As of last night, my children will eat what we eat. Sure, sure, I may modify it for them—the broccoli we’re having tonight will be steamed plain for them, while the plan is to snazz it up for us with things like soy sauce—but the general rule is: one meal for all. The oldest begins first grade tomorrow, so the time is right.
And last night was pretty successful. I sautéed chicken breasts in oil and a little butter, then made a pan sauce with some chicken broth, Dijon mustard, and a splash of heavy cream. I roasted potatoes in the oven, and glazed carrots for the grownups. The kids got raw carrots to dip in the dip of their choice, with the participants being evenly divided into the ketchup camp and the blue cheese dressing camp.
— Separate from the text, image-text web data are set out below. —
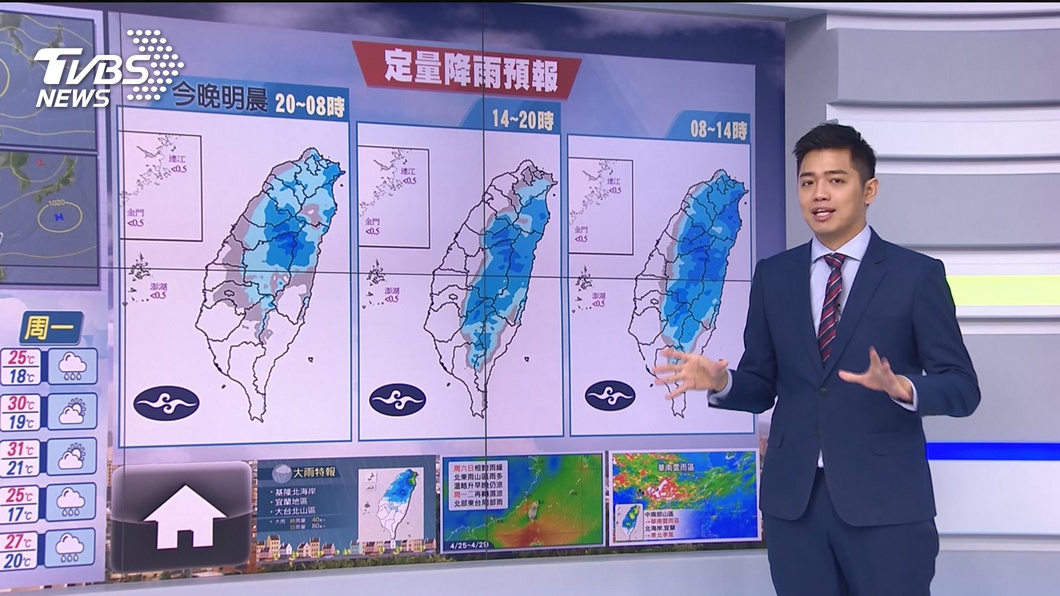 圖／TVBS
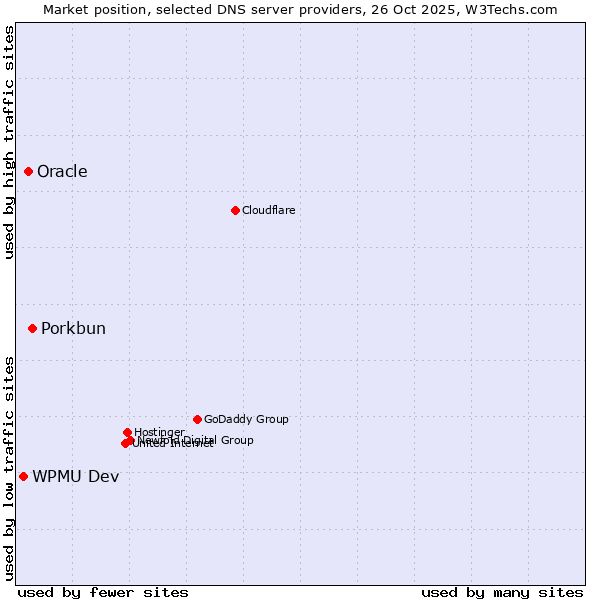 Market position of Porkbun vs. Oracle vs. WPMU Dev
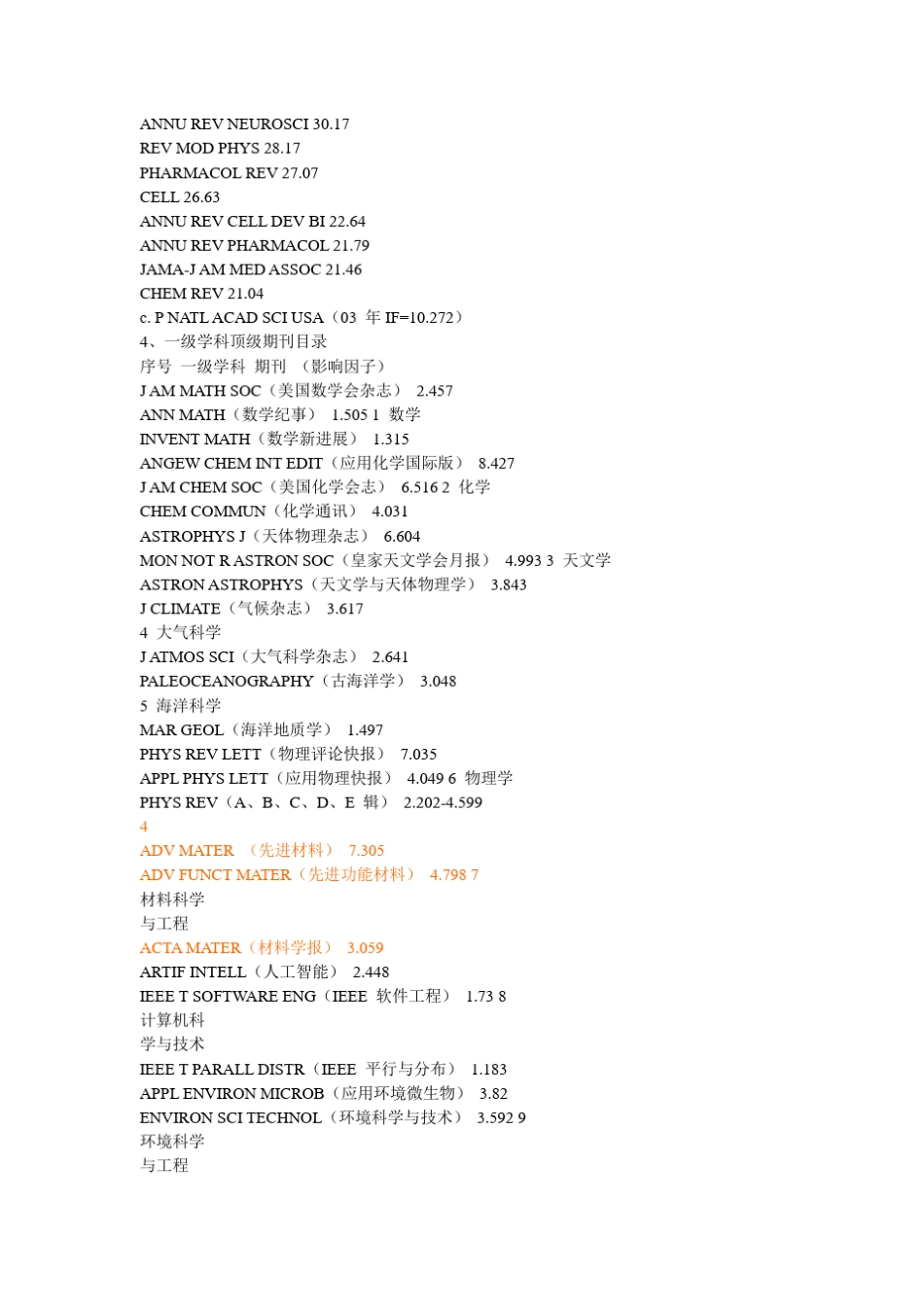 各大期刊影响因子_第2页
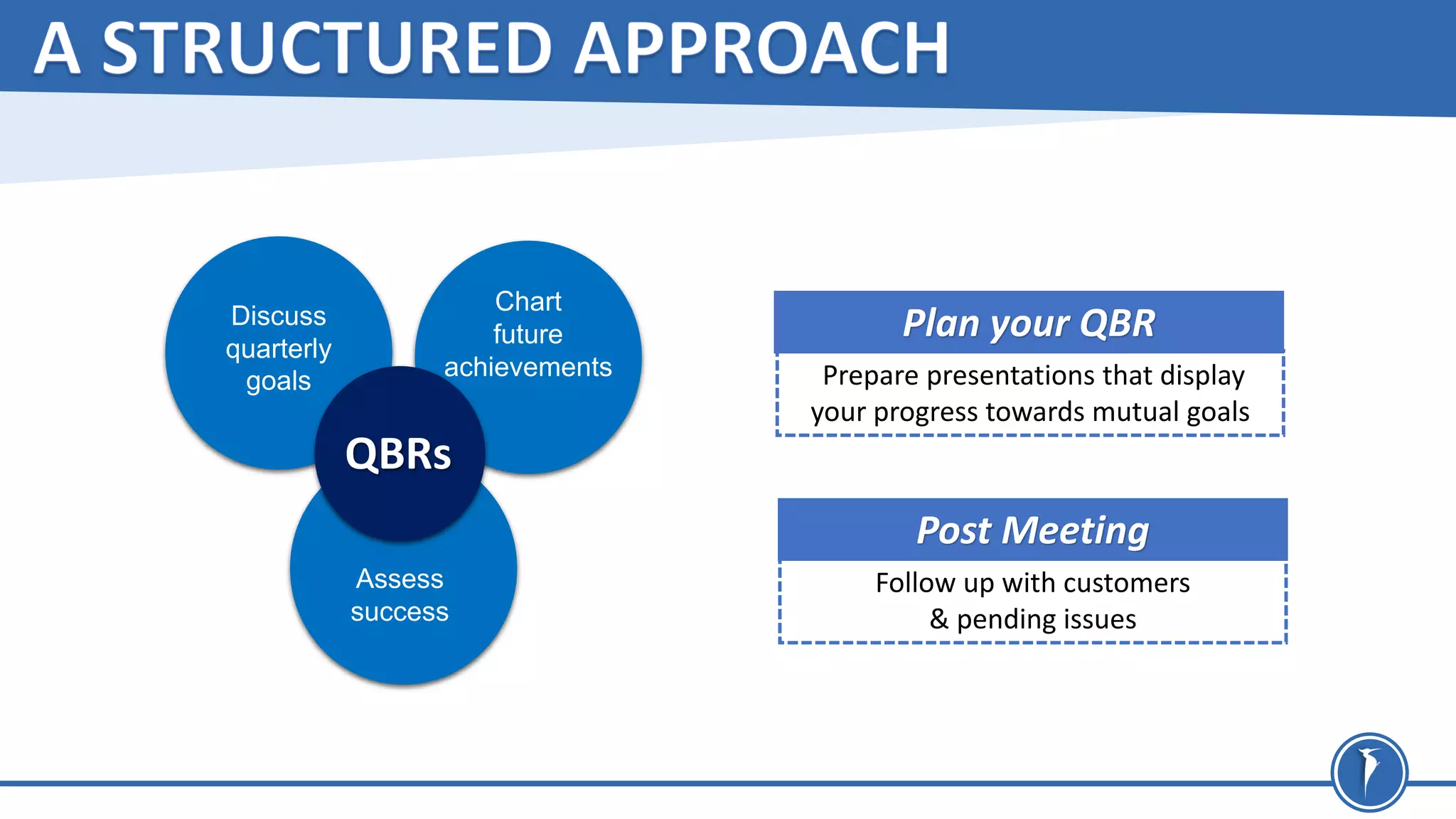 QBRs
Discuss
quarterly
goals
Assess
success
Chart
future
achievements Prepare presentations that display
your progress towards mutual goals
Plan your QBR
Follow up with customers
& pending issues
Post Meeting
Everyone tried what was new and weird, ate carrots and apples, and made pretty good inroads into the weird stuff.
I am now planning meals with my kids in mind, which means nothing that requires two hours to cook on a weeknight, and looking for things that can be modified if necessary. Tonight we’re having roasted pork tenderloin with Asian flavors (said flavors have yet to be identified, but I predict hoisin sauce will play a significant role in the preparation), the aforementioned broccoli, and rice. Only the pork will be labeled as “weird” by my kids. Rice and broccoli are big favorites. We shall see how this goes.
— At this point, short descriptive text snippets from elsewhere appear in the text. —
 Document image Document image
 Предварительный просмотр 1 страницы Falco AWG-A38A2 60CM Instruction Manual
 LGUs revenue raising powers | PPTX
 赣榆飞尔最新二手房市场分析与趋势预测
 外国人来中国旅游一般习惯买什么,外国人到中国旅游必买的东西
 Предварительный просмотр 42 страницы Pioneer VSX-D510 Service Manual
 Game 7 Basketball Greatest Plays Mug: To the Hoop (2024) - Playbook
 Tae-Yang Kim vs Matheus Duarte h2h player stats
And so, because I can’t leave you with no recipe at all, here’s the carrot recipe I used. Sorry there’s no picture.
from Ten Dollar Dinners by Melissa d’Arabian
½ cup water
½ cup chicken broth
1 Tablespoon butter
1 Tablespoon brown sugar
½ teaspoon ground cumin
¾ lb carrots, peeled and cut on the bias into rounds
Salt & freshly ground black pepper to taste
1 teaspoon lemon juice
Chopped parsley to garnish
Combine first 5 ingredients in a medium skillet (water through cumin). Stir, and allow to come to a boil. Add in carrots, stir to coat, and cover pan. Allow carrots to steam, about 5 minutes or until tender. The original recipe says to reduce the sauce to a glaze with the carrots in it, but I thought they might get overdone, so I removed them to a bowl with a slotted spoon, cooked down the glaze, and returned them to the pan, stirring to coat. Season with salt and freshly ground pepper to taste. Remove from the heat, add lemon juice and stir. Garnish with chopped parsley.